Cette «égalité» visait, de toute évidence, l'inégalité flagrante du traitement accordé aux francophones par les gouvernements des autres provinces, en comparaison avec les droits et privilèges blindés d'une minorité anglo-québécoise qui se comportait plus souvent qu'autrement en extension de la majorité anglo-canadienne et en «Rhodésiens». Le premier ministre ontarien, John Robarts, l'a bien compris. Et alors que Queen's Park et les autres capitales avaient éconduit les requêtes des francophones depuis des décennies, voilà que l'accueil devenait un peu moins frisquet.
Dans le sillage des turbulences des années 60, de l'élection du Parti québécois en 1976 et du référendum de 1980, le gouvernement fédéral a adopté des lois (y compris la Loi sur les langues officielles (quasi constitutionnelle) et le Charte des droits et libertés (qui fait partie de la Constitution). Et cette dernière confie aux tribunaux un rôle élargi dans l'interprétation des textes constitutionnels. Les juges, comme les politiciens qui ont rédigé les lois, doivent tenir compte de la réalité sociale, économique et politique autant que des virgules et points-virgules dans les articles des lois qu'ils sont tenues d'interpréter.

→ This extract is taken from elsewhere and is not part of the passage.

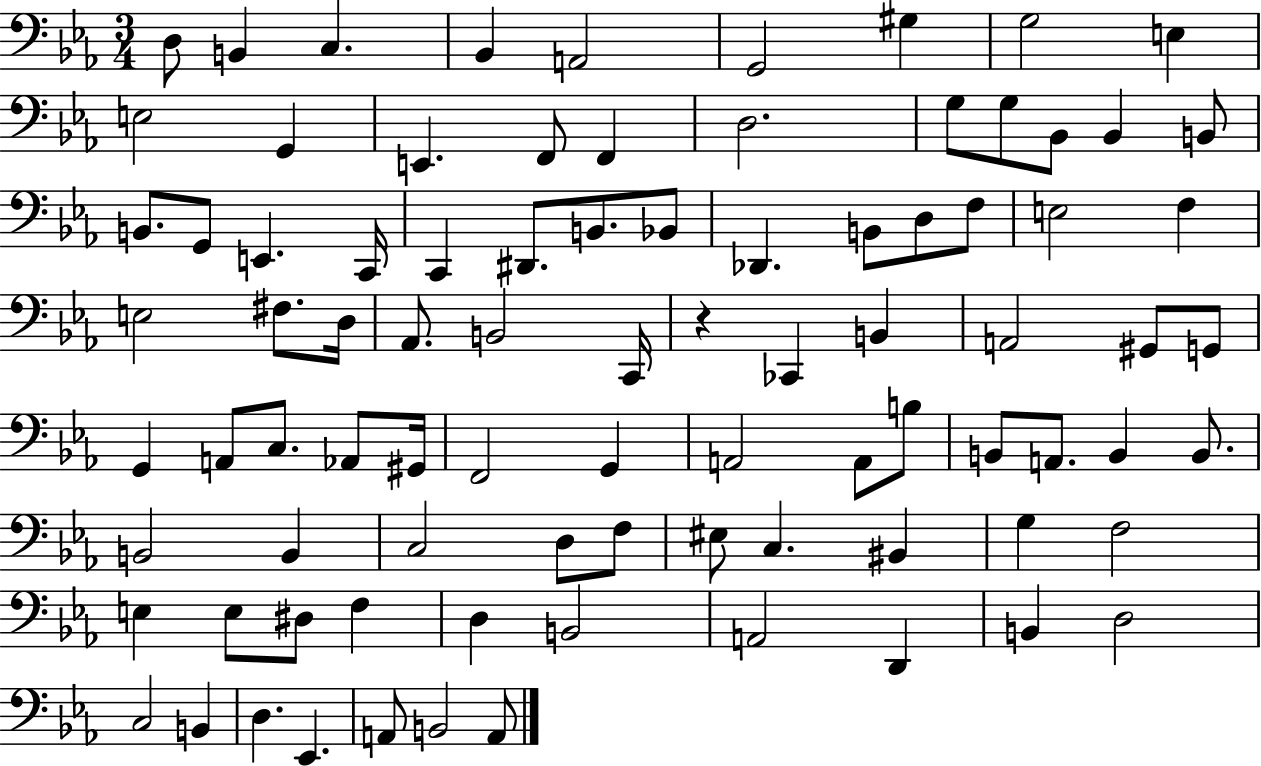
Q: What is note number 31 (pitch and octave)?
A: D3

Dans le Renvoi sur la sécession de 1998. les juges de la plus haute cour du pays rappellent que la Constitution ne se limite pas aux textes constitutionnels, qu'elle inclut «des règles non écrites» dont fait partie «le contexte historique» ainsi que le principe du fédéralisme, compris comme étant «la réponse juridique aux réalités politiques et culturelles qui existaient à l'époque de la Confédération et qui existent toujours»… et qui permettent «de concilier unité et diversité».
C'est ainsi que la Cour suprême a accordé aux minorités francophones hors-Québec le contrôle et la gestion de leurs réseaux scolaires et qu'elle a aussi reconnu la validité de l'objectif de promotion et de préservation d'un visage linguistique français au Québec. Pourquoi? Parce qu'en Alberta, en Ontario et au Québec, une même réalité s'impose. Seul le français est menacé. La protection/promotion du français émane des principes constitutionnels du fédéralisme et de la protection des minorités. C'est le même principe qu'on invoque à la fois pour réparer les injustices hors-Québec et pour affirmer le caractère français du seul État à majorité francophone du Canada et de l'Amérique du Nord.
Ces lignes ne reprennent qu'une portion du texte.